长乐宫中,当会元的消息和那一首《将进酒》先后传了过来。
在刹那的惊喜和赞叹之后,德妃却对着那并不起眼的一句话,怅然出神。
【天将降大任于是人也,必先苦其心志……】
是什么样的经历,让他能有这样透彻的觉悟。
世人都以为他是少年英才,横空出世,她知道,他在这之前,就经历过多少的捶打和锻造。
江安县城那个劳工营的故事冯秀云与她说过,如今他的每一份成功,她在为他高兴的同时,也都替他心疼。
……
英国公府,吕如松默默看着手里的信纸,神色有些无奈。
终究还是没能拦住啊。
不仅中了,还直接来了个杏榜魁首,一科会元。
从此前路一片坦途,青云直上指日可待!
届时,德妃在内,夏景昀在外。
士林、朝堂、后宫都不差,再加上竹林那边隐隐透露出来的亲近,这实力已经完全不逊色于他们勋贵集团的力量了。
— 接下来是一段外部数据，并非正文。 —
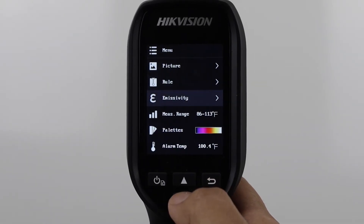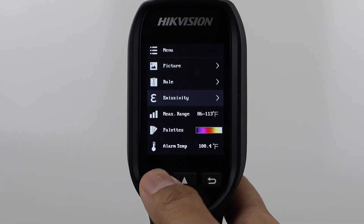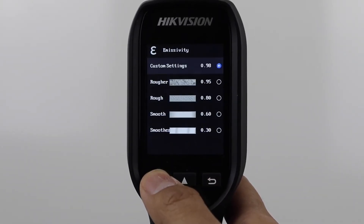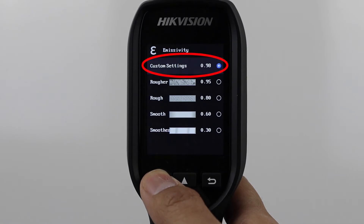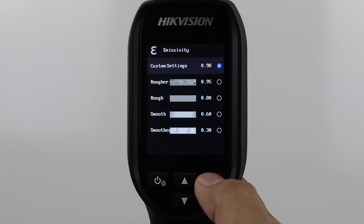Next is Emissivity. For human body temperature, this should be set to 0.98. Other settings are used for other applications like building inspection and don't apply to body temperature.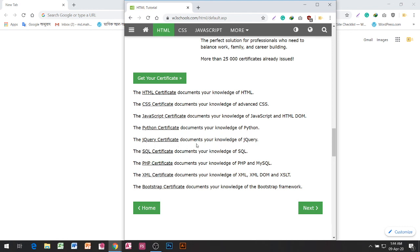The jQuery Certificate documents your knowledge of jQuery. The SQL Certificate documents your knowledge of SQL. The PHP Certificate documents your knowledge of PHP and MySQL. The XML Certificate documents your knowledge of XML, XML DOM, and XSLT. The Bootstrap Certificate documents your knowledge of Bootstrap.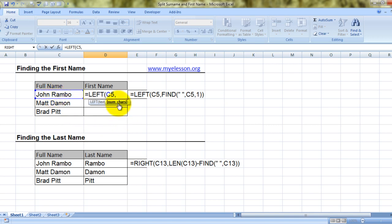Now it is asking me for number of characters. A first name can be as long as anything — this is John, but what about an Indian name like Siddharamaya? So it's asking for number of characters. To find the number of characters, I'll ask Excel to find where the first space occurs between the two words — because that is where the first name ends.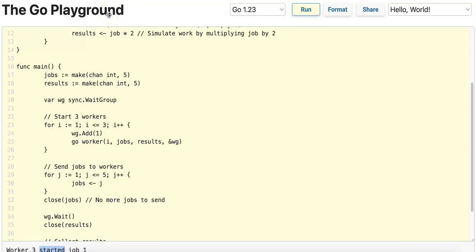Let's talk about a basic worker pool pattern where jobs are distributed among multiple coroutines, and each worker processes jobs and sends results back through a channel.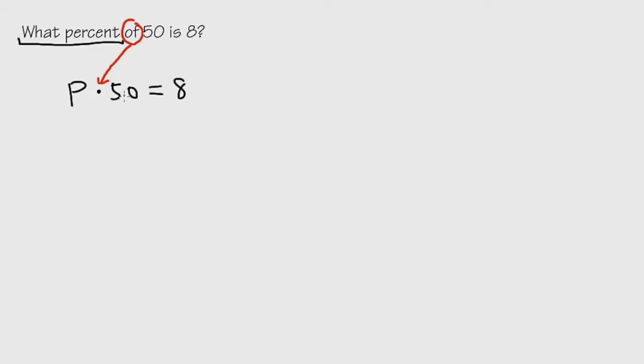This is P times 50 is equal to 8. But then how exactly can we solve for P? Well, because we multiplied it already, we have to divide both sides by 50. We actually have to divide in order to solve for P.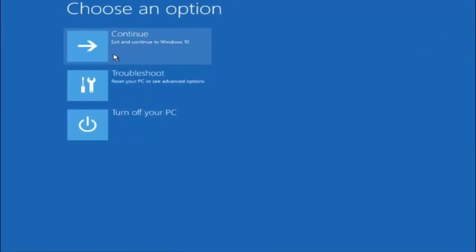I hope one of these three or four different methods we went through in this tutorial helped you out. Also, try going into Safe Mode if possible and uninstalling any programs that might be conflicting with Windows startup — something very simple like that could be causing the issue. I hope this tutorial helped you guys out, and I'll catch you in the next tutorial. Goodbye.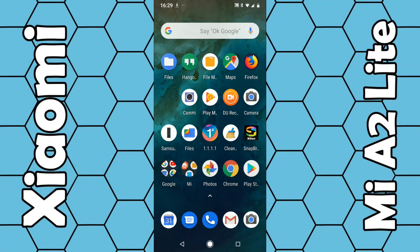In this video I'm going to show you how you can change the ringtone or even add your own music as the ringtone on the Mi A2 Light smartphone. To do this we need to go into the settings.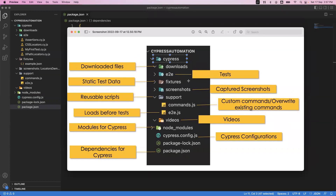To summarize: e2e is for storing tests, downloads is for downloaded files, fixtures is for maintaining static test data, screenshots folder keeps all screenshots, and support contains reusable scripts — commands.js for custom commands or overriding existing ones, and e2e.js for commands that load automatically before tests start. Videos contains video files, node_modules contains Cypress-related modules, cypress.config.js contains the Cypress configuration, and package.json contains all the dependencies.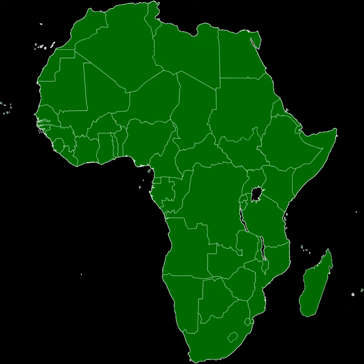The 55 member states are grouped into five regions. The African Union is composed of 52 republics and three monarchies. The total population of the AU is 1,068,444,000.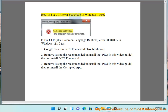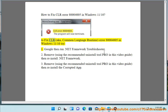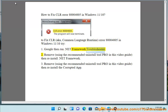How to fix CLR, a.k.a. Common Language Runtime, Error 80004005 in Windows 11/10. Try 1: Google then run .NET Framework troubleshooter.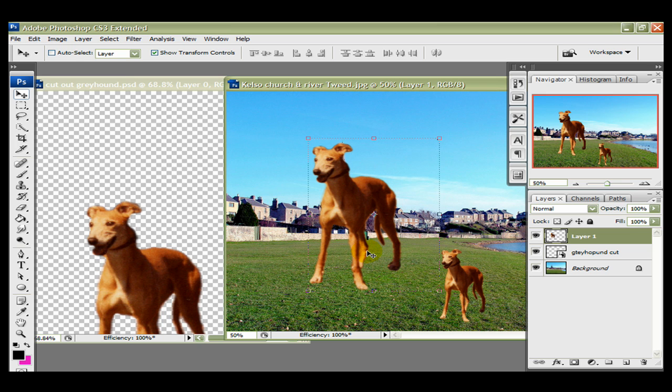Then you'd save the image as a JPEG, as we did before. Right, well, that's it for this tutorial. I hope it's been of some help. Thanks for watching.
更何况,也不是所有的勋贵都愿意毫无保留地支持自己一方。
真到了自己弱势之时,怕也是有不少的墙头草。
想到这儿,吕如松心头愈发心烦意乱。
换了身衣服,提着刀,就去往后院锻炼身体,哦不,发泄怒火。
……
秦家老家主今日很开心,终于还破例多喝了两杯。
而秦璃则无奈地看着眼前的信纸,心里想着,这首诗要是写在鸣玉楼……
哎,不能想,越想越难受。
这些中京城顶级权贵们在讨论着议论着,城中的举子们,也同样将这首将进酒传开了来。
人生得意须尽欢,莫使金樽空对月。
天生我材必有用,千金散尽还复来。
古来圣贤皆寂寞,惟有饮者留其名。
一句句的名句助长了境遇不同的众人不同的心思。
得意的,颓丧的,放荡的,拘束的……
都将自己的心绪寄托在了酒里。
这一日,这一夜,中京酒水几近脱销。
而狂欢过后,殿试的脚步,便近了。
连中三元!三百年来第二人!
大夏崇宁二十四年,四月初一。
红日悄然跃出了山头,洒下一片汪洋恣意的光。
被朝阳照亮的皇极殿殿前广场上,三百位贡生安静地站着。
他们是今次得跃龙门的天之骄子,也是这场持续三年的惨烈“厮杀”最后脱颖而出的优胜者。
一张张青涩的面庞,写满了紧张的期待。
蓬勃的朝气,时隔三年,再度充盈在这座暮气沉沉的宫城中。
点名完毕,代理礼部尚书王若水不着痕迹地瞥了一眼站在队伍最前方的夏景昀,朗声道:“贡生进殿!”
众人在礼官的引导下,迈着忐忑又紧张的步伐,进入了皇极殿中。
此刻的他们还不知道,对于他们中间大多数人而言,这或许就是他们这辈子唯一一次走入这座大殿。
大殿之中,早就摆下了一张张的案几和蒲团,也有每个考生的名牌,众人先前也是按照这个顺序站队,所以进去之后毫不费力地就找到了自己的座位。
接着,他们又在礼部尚书王若水的引导下,进行了一系列繁琐的发卷、赞拜、行礼等活动,折腾得都快蒙圈了,终于切入了正题。
礼部尚书王若水站在众人之前,从一旁的大太监高益手中,接过一个密封的盒子,当中撕开密封,从中取出一张明黄卷轴打开,代替陛下念诵起了策问之题。